The second aim of his team’s research is to analyze plasma cells from patients with the disease to profile how protein expression changes from the time a patient is in clinical remission to when a patient relapses. Virtually all patients with multiple myeloma who go into remission eventually relapse, Edmondson said.
“We hope to see changes at the molecular level that will give us some insights into the underlying biology of chemo-resistance,” he said.
At Indiana University, a team led by Mu Wang, director of proteomics at the university’s School of Medicine, will be using a conventional label-free quantification platform for unbiased biomarker discovery followed by targeted validation.
While his lab, equipped with seven mass spectrometers, has done extensive work in cardiovascular diseases and breast and ovarian cancers, this will be the first time it is researching multiple myeloma.
Rather than using plasma, his team will be using sorted myeloma cells and comparing them with normal cells to identify abnormal proteins.
“Our platform is going to mainly deal with quantitative changes, which are expression changes, not post-translational modifications,” Wang said. The IU team will also be working with members from Purdue University during the later stages of its research. Fred Regnier will use his expertise in bioCD, a protein-array technology, for validation work, and Xiang Zhang will provide help with bioinformatics, Wang said.
And at the University of Michigan, in addition to trying to identify proteomic differences between myeloma patients and controls, a goal will be to detect protein signatures that can identify subsets of the disease, in general, and signatures that can predict response, or the lack of, to therapies such as Velcade and Revlimid, specifically, said Andrzej Jakubowiak, associate professor of internal medicine at the University of Michigan Health System, and co-director of the MMRF project at the university with Arun Sreekumar, an assistant professor at the university’s center for translational pathology.
From the gene-expression profiling research, there is evidence of heterogeneity in multiple myeloma, Jakubowiak said.

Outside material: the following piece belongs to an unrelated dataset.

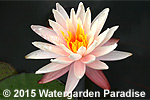 Nymphaea 'Starbright'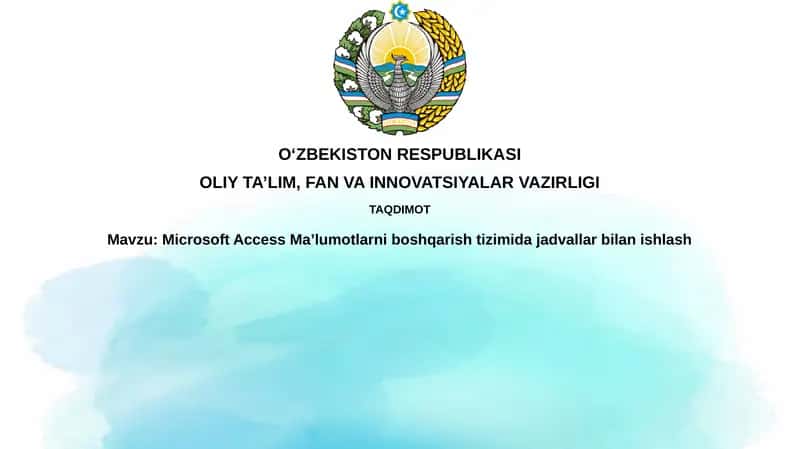 Microsoft Access 1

“An overall goal is to not start a patient on a regimen, which is unlikely to produce good results, [but] rather make directed individualized therapy from the get-go. And we think that a proteomics platform can help in this regard better than anything else, for its potential simplicity,” he said.
All three institutions will start off by validating each other’s analysis on the same cell using their different proteomic platforms. Then, after they have begun doing their own research, the institutions will cross-validate each others’ findings.
The researchers are also expected to eventually publish a paper based on their findings.
“Realistically, when we’re done, we will be satisfied to be able to say, ‘Looking at samples obtained from myeloma patients involved in several clinical studies, we understand the protein profiles of those patients and have at least some initial relationship between those profiles and response and resistance to therapies,’” Perkins said. “That will be certainly the key deliverable.”
This week, the foundation also awarded $200,000 to Jetze Tepe from Michigan State University for a phosphoproteomics study. The award is for two years. Specifically, Tepe’s work will look at the addition of phosphate groups at specific positions on the protein p65 and changes that may occur as a function of disease stage, chemotherapeutic treatment, and treatment resistance.